[The problem] Could you copy exactly the lines below, beginning at the line with "beautiful birch forest" and stopping after the line with "Oborowa z brocha", with no pictures?

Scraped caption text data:

=== Section Start ===

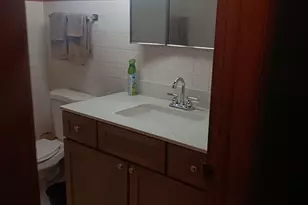 3514 170th Pl, Lansing, IL 60438 - Photo 15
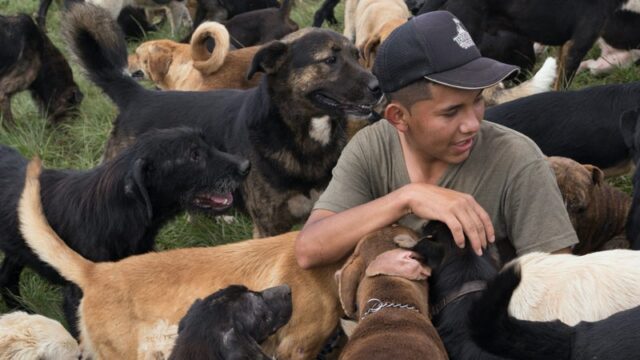 costa rica animal shelter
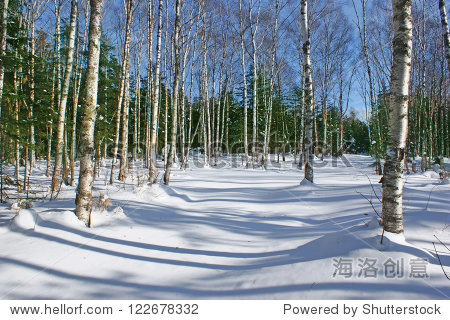 beautiful birch forest in winter in the snow.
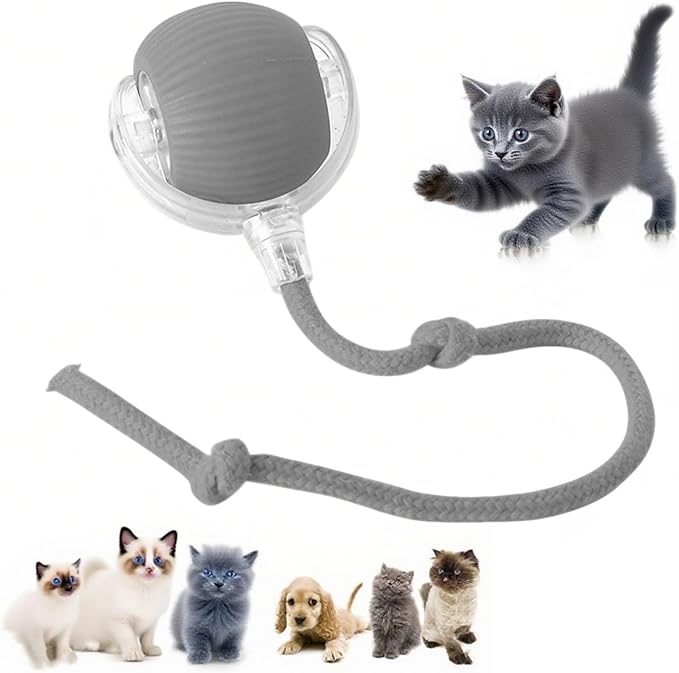 360° Smart Automatic Rolling Pet Ball - Interactive Dog & Cat Toy for Indoor Cats & Kittens (Grey)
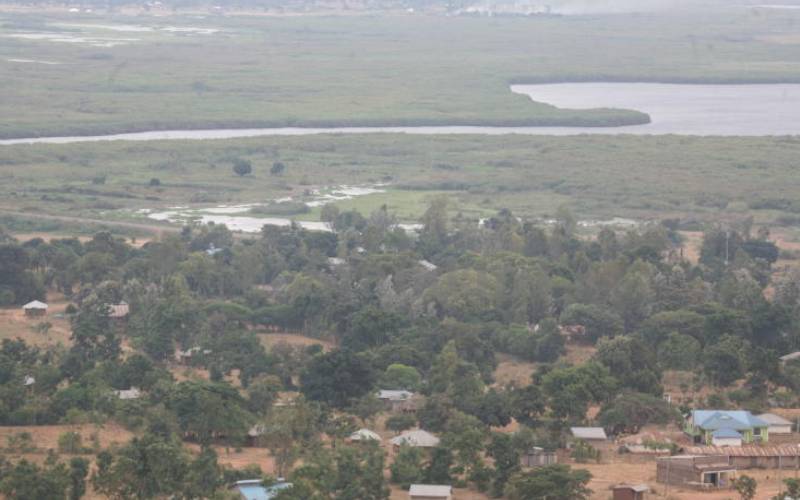 Fresh row over move to allocate Yala Swamp land to new investor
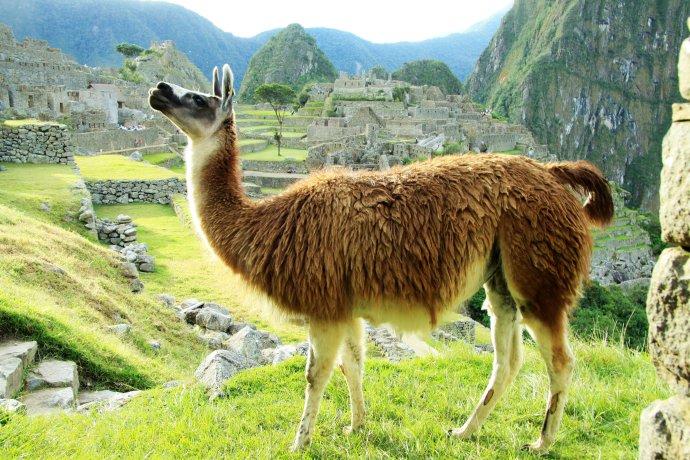 南美秘鲁,厄瓜多尔旅行记(七)马丘比丘图片696,南美洲旅游景点,风景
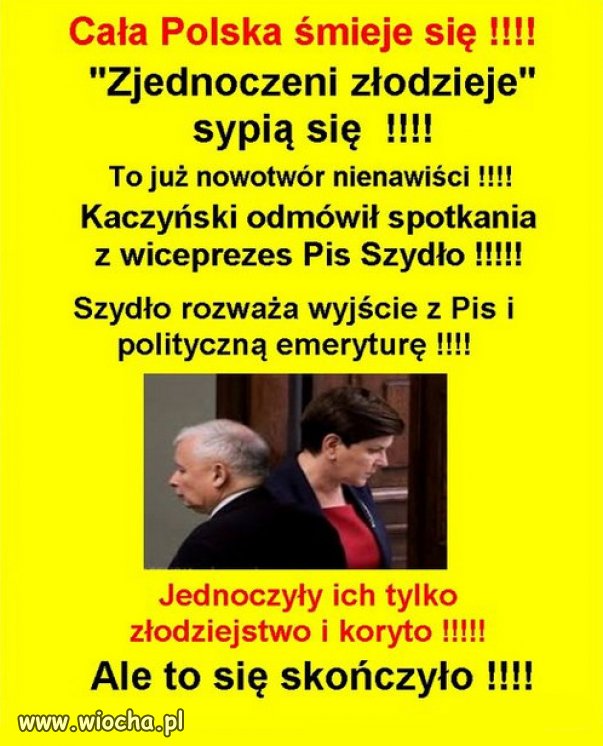 Oborowa z brocha tyle nakradła, że starczy do końca życia.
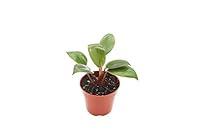 Algopix Similar Product 18 - Philodendron Red Back  4 from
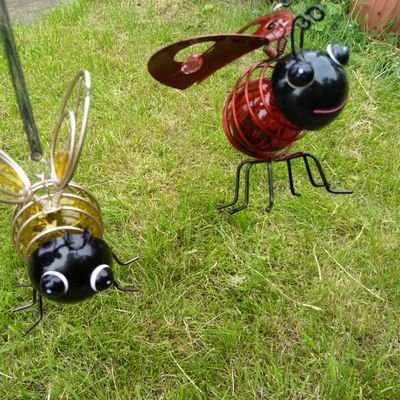 sky_blue_missy's profile picture. I love nothing more than browsing for must have things, for me and my home and garden. ❤👗👢 🏡👫💐🌹🌼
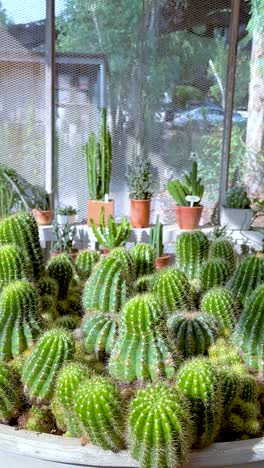 cactus vibrantes dispuestos en un entorno de invernadero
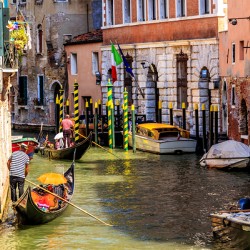 Store Venice 5L3A4518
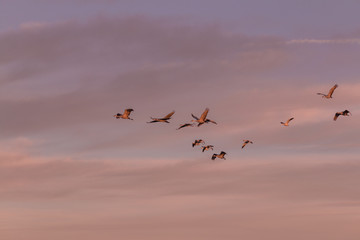 Sandhill Cranes in Flight at Sunrise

=== Section End ===

[Reply to the task]
 beautiful birch forest in winter in the snow.
 360° Smart Automatic Rolling Pet Ball - Interactive Dog & Cat Toy for Indoor Cats & Kittens (Grey)
 Fresh row over move to allocate Yala Swamp land to new investor
 南美秘鲁,厄瓜多尔旅行记(七)马丘比丘图片696,南美洲旅游景点,风景
 Oborowa z brocha tyle nakradła, że starczy do końca życia.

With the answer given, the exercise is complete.